Exercise description — Print, exactly as they stand, the lines below from the one that has "2023 Land Rover" to the one that has "-忘忧草融合私房菜(红鼎国际店)", inclusive, leaving out the pictures.

Study material —
****

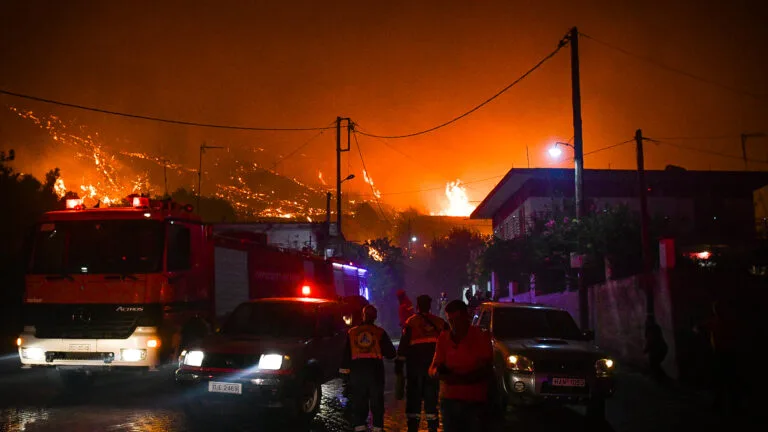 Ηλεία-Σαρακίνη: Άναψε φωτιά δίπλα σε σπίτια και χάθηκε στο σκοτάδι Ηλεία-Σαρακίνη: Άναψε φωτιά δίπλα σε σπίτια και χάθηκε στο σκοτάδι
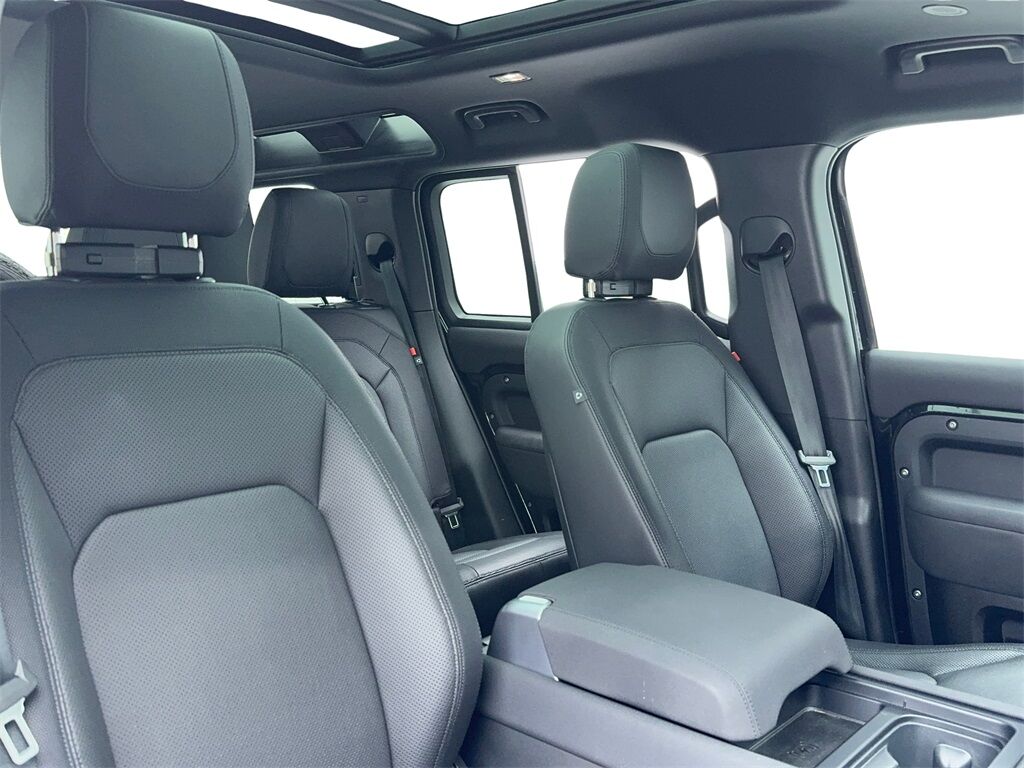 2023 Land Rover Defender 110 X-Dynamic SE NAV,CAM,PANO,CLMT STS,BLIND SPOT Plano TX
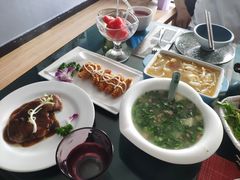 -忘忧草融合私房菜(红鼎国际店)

****

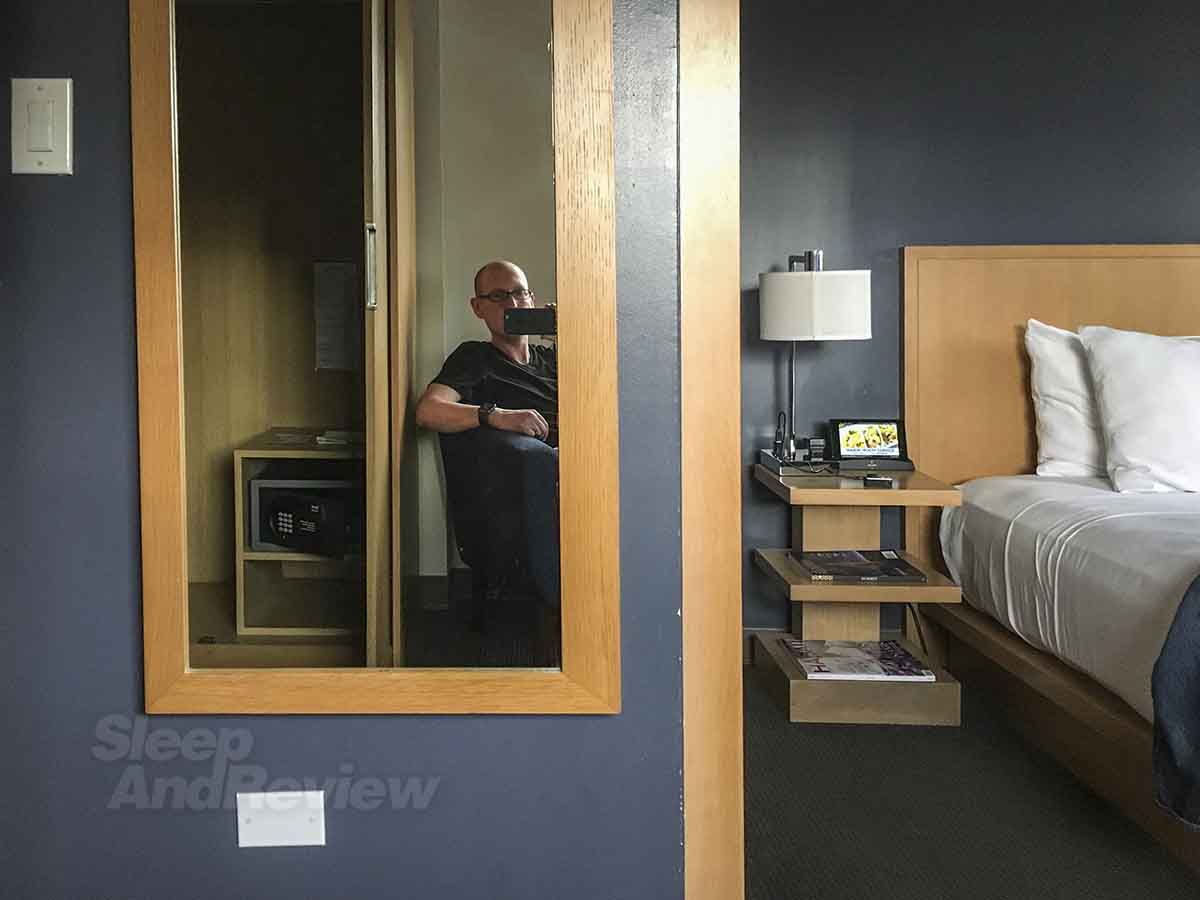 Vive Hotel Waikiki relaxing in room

****

Response to the exercise —
 2023 Land Rover Defender 110 X-Dynamic SE NAV,CAM,PANO,CLMT STS,BLIND SPOT Plano TX
 -忘忧草融合私房菜(红鼎国际店)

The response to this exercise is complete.